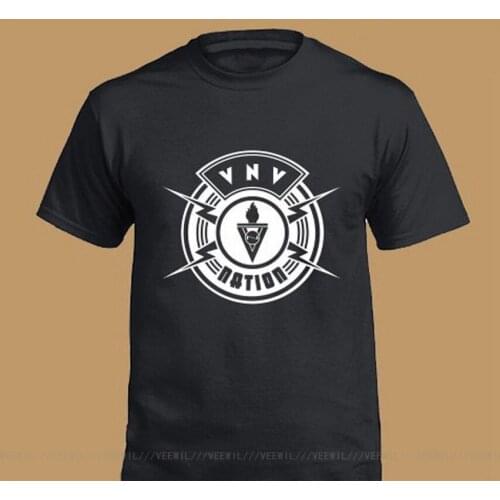 New Vnv Nation Electronic Music Band Logo Mens Black T Shirt Size S To 3xl Short Sleeve Hip Hop Full-figured T Shirt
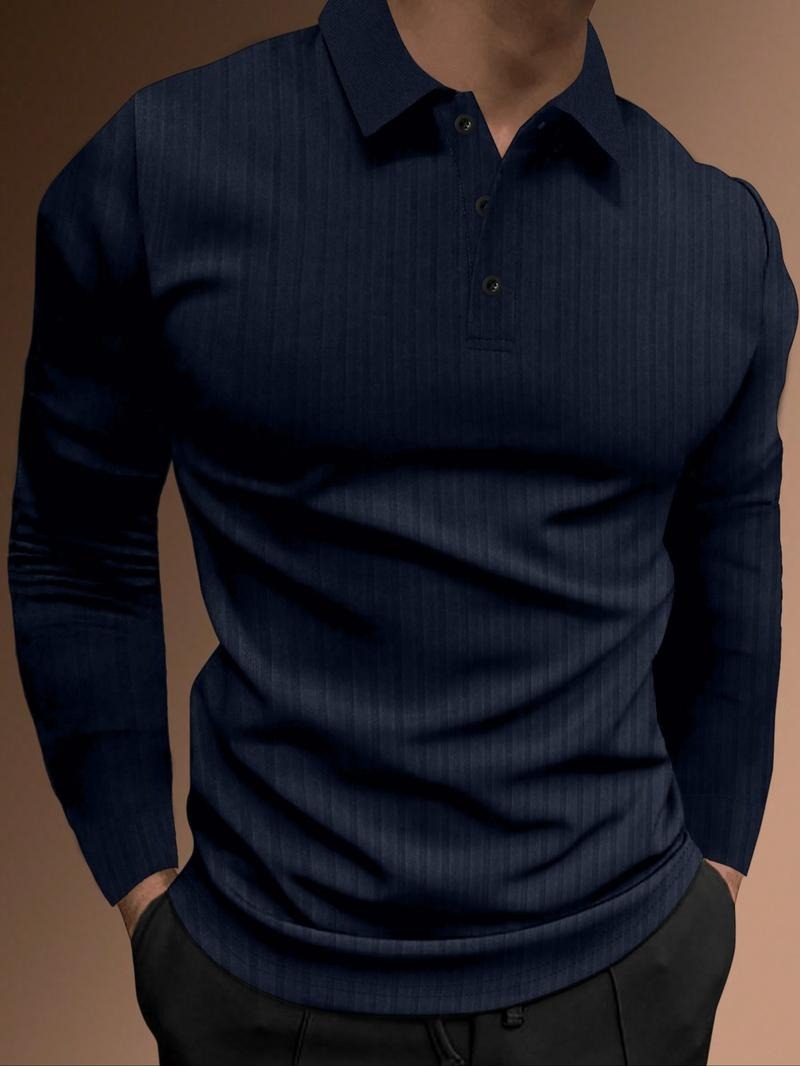 Chic Tailored Long-Sleeve Polo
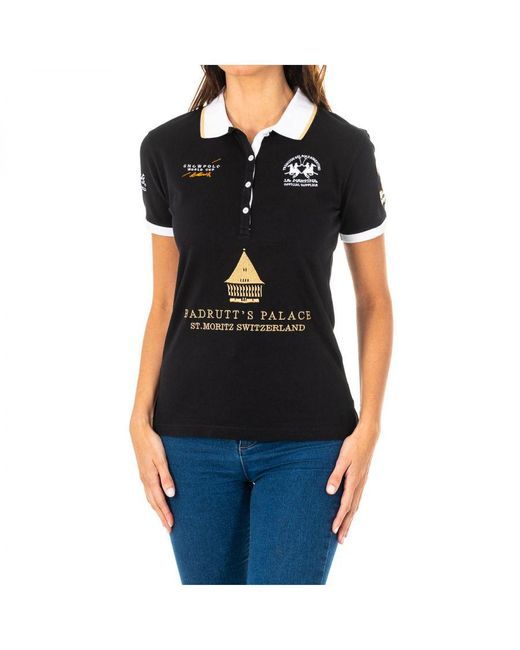 La Martina Black Womenss Short-Sleeved Polo Shirt With Lapel Collar 2Wph29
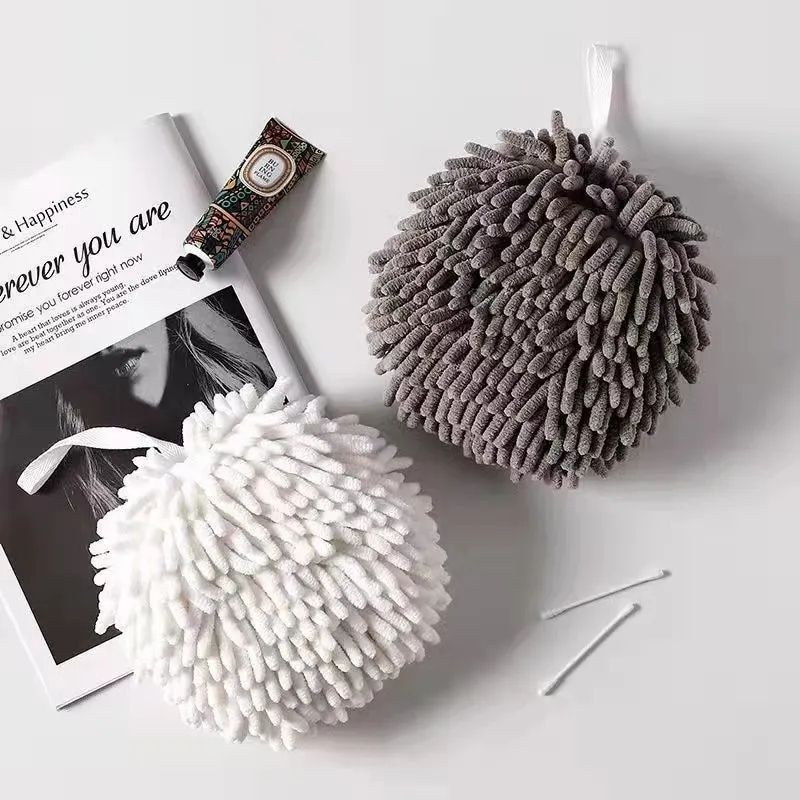 (Pimenova) Kain Lap Tangan Cendol Lap Hand Ball Tower Premium Hand Towel Aesthetic Soft Absorb Water Kitchen Chenille Cloth/ Lap Handuk Tangan Gantung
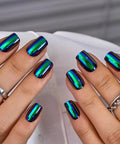 CurvLife Short Square Chrome Press On Nails With Electric Mirage Colorful Finish on hands, showcasing a glossy, durable manicure.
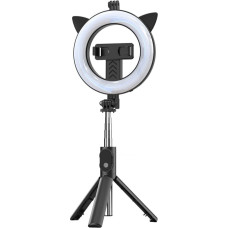 Selfie Stick - with detachable bluetooth remote control, tripod and ring lamp - P20D-4 Black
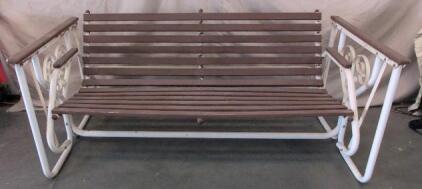 3-Person Metal & Wood Outdoor Patio Glider Bench with Ornate Scrollwork Sides, Brown/White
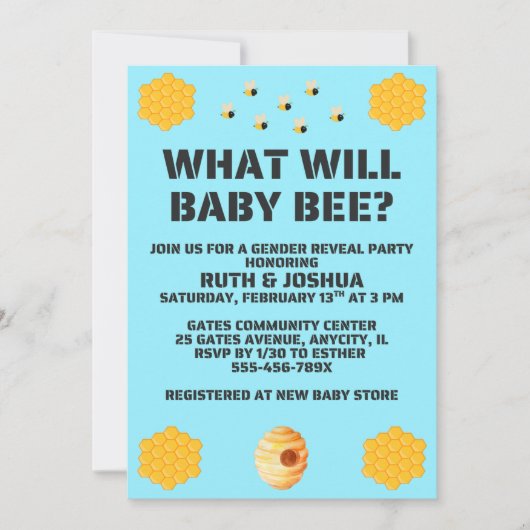 Was wird Baby Bee Geschlecht Enthüllung Einladung (Vorderseite)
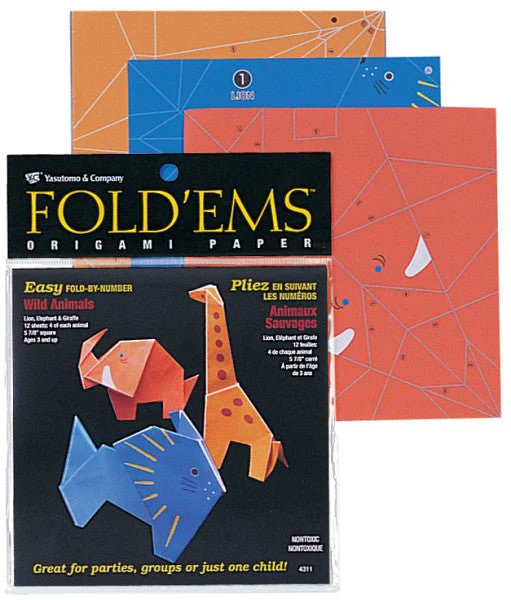 Yasutomo 4311 Fold 'ems Origami Paper - African Animals Project Pack - 5-7/8 inch
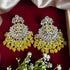 Yellow Beaded Kundan Chandbali Earrings from Trenzify Store.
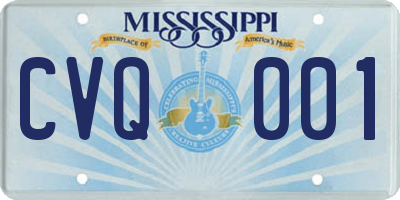 MS license plate CVQ001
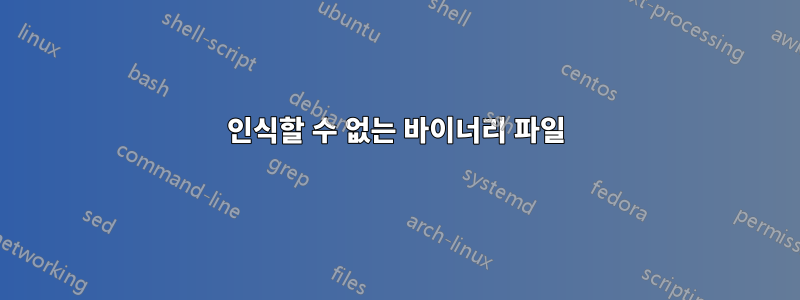 인식할 수 없는 바이너리 파일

------------------------

The entries above are to be reproduced exactly, with the pictures dropped.

 New Vnv Nation Electronic Music Band Logo Mens Black T Shirt Size S To 3xl Short Sleeve Hip Hop Full-figured T Shirt
 Chic Tailored Long-Sleeve Polo
 La Martina Black Womenss Short-Sleeved Polo Shirt With Lapel Collar 2Wph29
 (Pimenova) Kain Lap Tangan Cendol Lap Hand Ball Tower Premium Hand Towel Aesthetic Soft Absorb Water Kitchen Chenille Cloth/ Lap Handuk Tangan Gantung
 CurvLife Short Square Chrome Press On Nails With Electric Mirage Colorful Finish on hands, showcasing a glossy, durable manicure.
 Selfie Stick - with detachable bluetooth remote control, tripod and ring lamp - P20D-4 Black
 3-Person Metal & Wood Outdoor Patio Glider Bench with Ornate Scrollwork Sides, Brown/White
 Was wird Baby Bee Geschlecht Enthüllung Einladung (Vorderseite)
 Yasutomo 4311 Fold 'ems Origami Paper - African Animals Project Pack - 5-7/8 inch
 Yellow Beaded Kundan Chandbali Earrings from Trenzify Store.
 MS license plate CVQ001
 인식할 수 없는 바이너리 파일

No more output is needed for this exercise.